Marcello Basilico marcello.basilico a giustizia.it
Ven 15 Mar 2019 08:05:05 CET


 

In una democrazia le sentenze sono soggette a critica così come le leggi e gli atti di governo: fa parte del controllo della pubblica opinione a cui ogni istituzione è soggetta. E noi magistrati sappiamo benissimo che pronunciando sentenze in nome del popolo italiano abbiamo il dovere di spiegare le ragioni per cui si prendono le decisioni.

E noi spieghiamo le ragioni delle nostre decisioni attraverso le motivazioni, che però vanno lette tutte e per intero anche quando sono complesse e articolate senza estrapolare dal contesto singole frasi o parole, con il solo fine strumentale di aizzare l’opinione pubblica contro l’esercizio della giurisdizione attraverso letture scandalistiche e parziali.
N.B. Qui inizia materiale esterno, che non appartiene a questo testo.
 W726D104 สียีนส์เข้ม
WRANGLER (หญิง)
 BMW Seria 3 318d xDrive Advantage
Soprattutto chi ha responsabilità istituzionali e di governo sa, o dovrebbe sapere, che prima di esprimere giudizi semplificati le questioni vanno approfondite leggendo la sentenza del Tribunale di Genova (depositata tre mesi fa…), e poi si possono muovere con cognizione di causa le critiche, anche le più dure. 
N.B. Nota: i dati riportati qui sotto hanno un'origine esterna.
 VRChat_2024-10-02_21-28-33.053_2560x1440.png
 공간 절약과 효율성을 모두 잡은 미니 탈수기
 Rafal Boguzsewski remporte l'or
Come magistrati siamo ormai abituati da molti anni ad essere attaccati per le decisioni che prendiamo: e ciò nonostante continueremo a fare il nostro lavoro con la dignità e l’indipendenza che ha dimostrato proprio la nostra collega Silvia Carpanini, a cui va la nostra incondizionata solidarietà per essere diventata un altro bersaglio, utile per una campagna di manipolazione dell’opinione pubblica.

 

Al giudice spetta giudicare il fatto e la persona che gli sta davanti senza pressioni esterne: è per questo che i processi non si fanno al bar o nei salotti televisivi ma in un luogo neutro dove, nel contraddittorio, si presta attenzione a ciascuna delle parti in causa. 

 

Al legislatore spetta valutare se i meccanismi previsti dalla legge sono adeguati: ma non si può chiedere ad un giudice di non applicare le attenuanti se sono previste dalla legge. 
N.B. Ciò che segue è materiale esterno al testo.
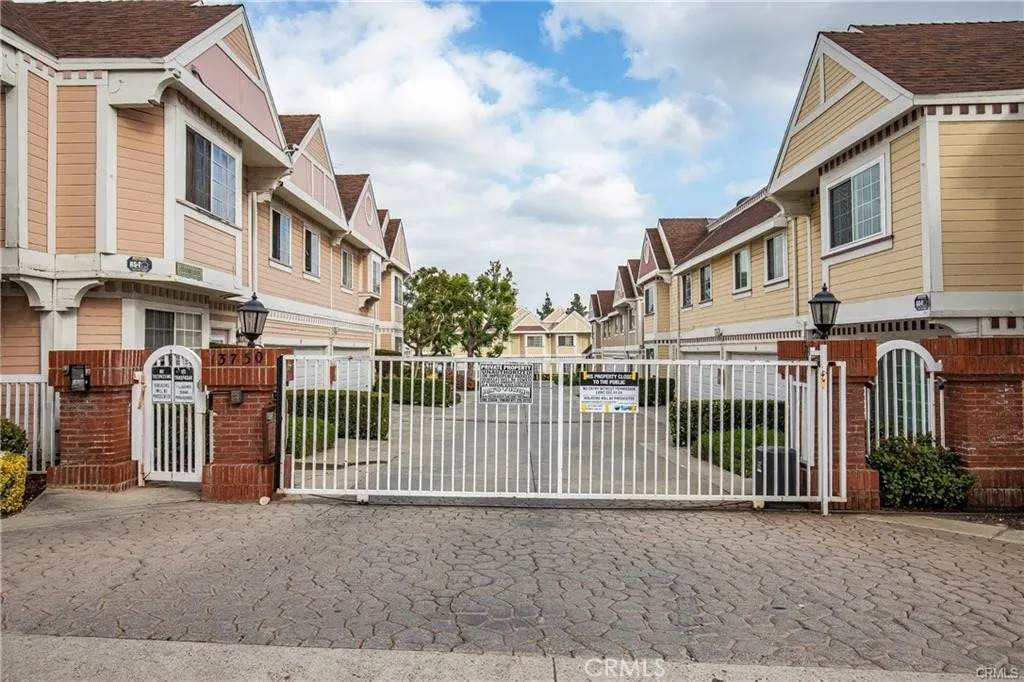 13750 Hubbard Street - Photo 1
Per correggere le sentenze esiste l’appello: peccato, però, che da anni il legislatore ha abolito la possibilità del Pubblico Ministero di impugnare le sentenze in questi casi proprio per limitarne il ruolo.

 

Ma parlare di “delitto d’onore” o usare altre forme semplificate di comunicazione serve solo ad alimentare la sfiducia nei confronti dell'autorità giudiziaria: e ciò non fa bene al Paese e alla società democratica.